WHAT YOU HAVE TO DO => Copy, with no pictures, the line that contains "image for item" and each line after it down to the end of the entries below, exactly.

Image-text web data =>
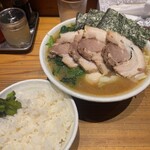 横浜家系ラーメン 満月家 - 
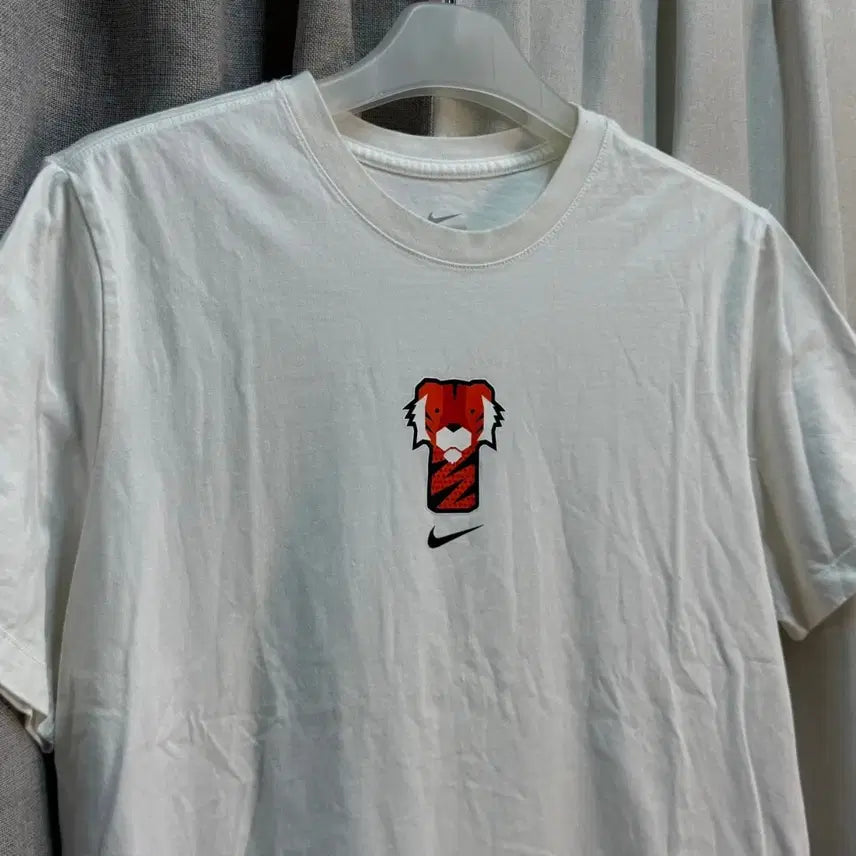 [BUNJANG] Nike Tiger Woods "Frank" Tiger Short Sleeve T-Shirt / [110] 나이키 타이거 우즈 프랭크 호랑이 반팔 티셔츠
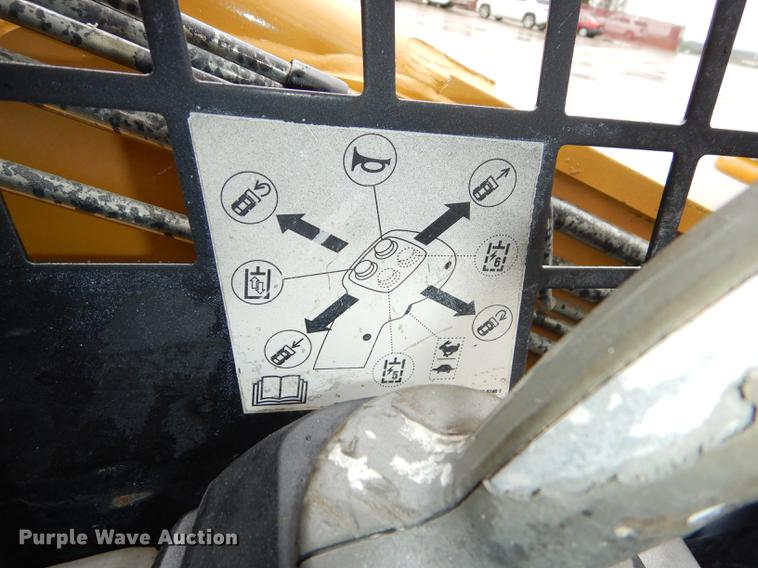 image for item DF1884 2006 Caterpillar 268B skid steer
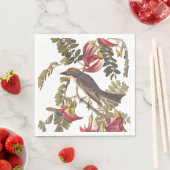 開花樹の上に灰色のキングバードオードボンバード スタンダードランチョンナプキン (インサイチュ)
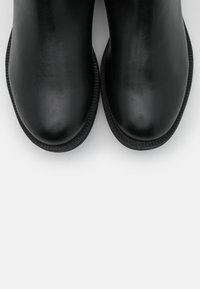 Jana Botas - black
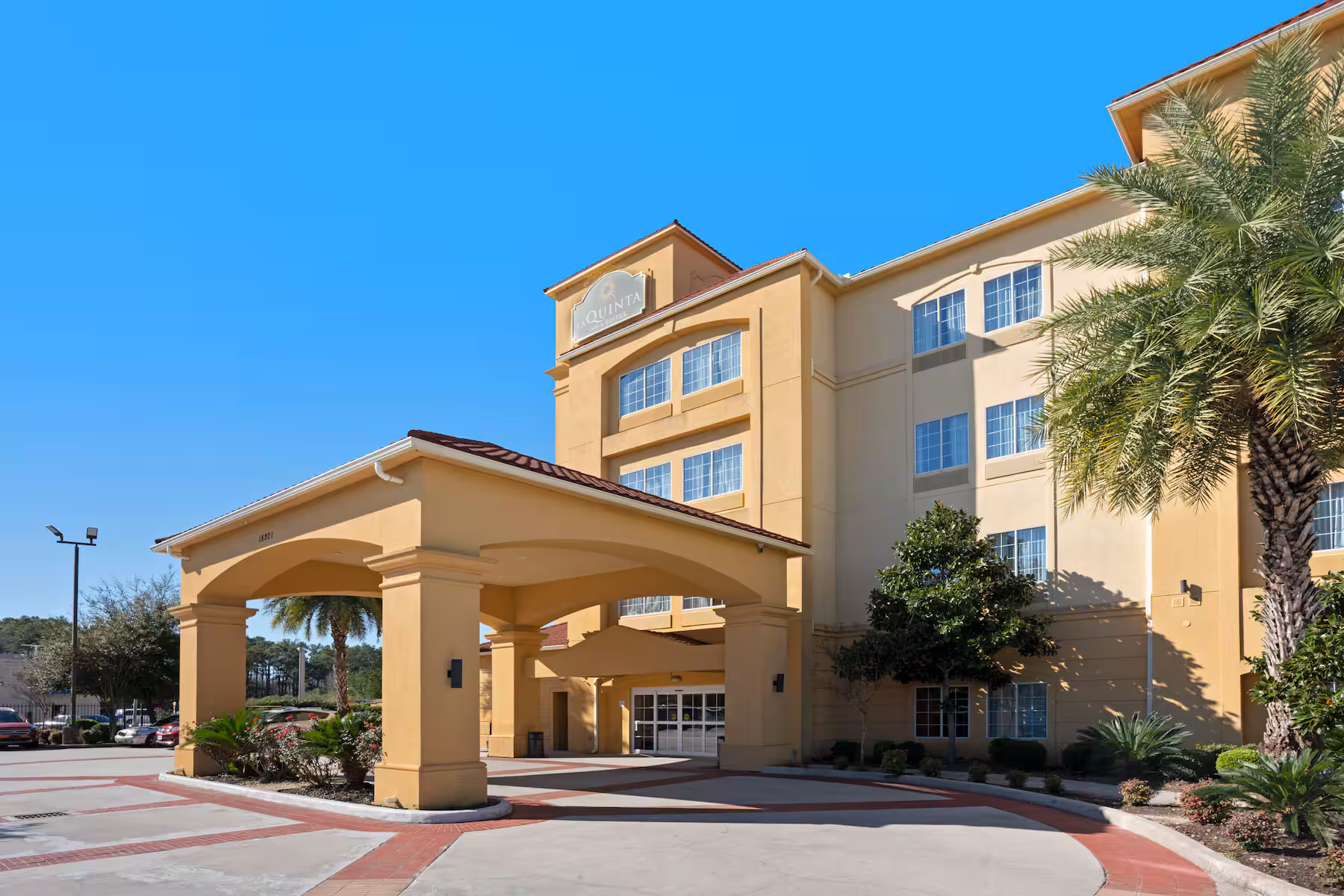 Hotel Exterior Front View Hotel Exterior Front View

PROBLEM SOLUTION =>
 image for item DF1884 2006 Caterpillar 268B skid steer
 開花樹の上に灰色のキングバードオードボンバード スタンダードランチョンナプキン (インサイチュ)
 Jana Botas - black
 Hotel Exterior Front View Hotel Exterior Front View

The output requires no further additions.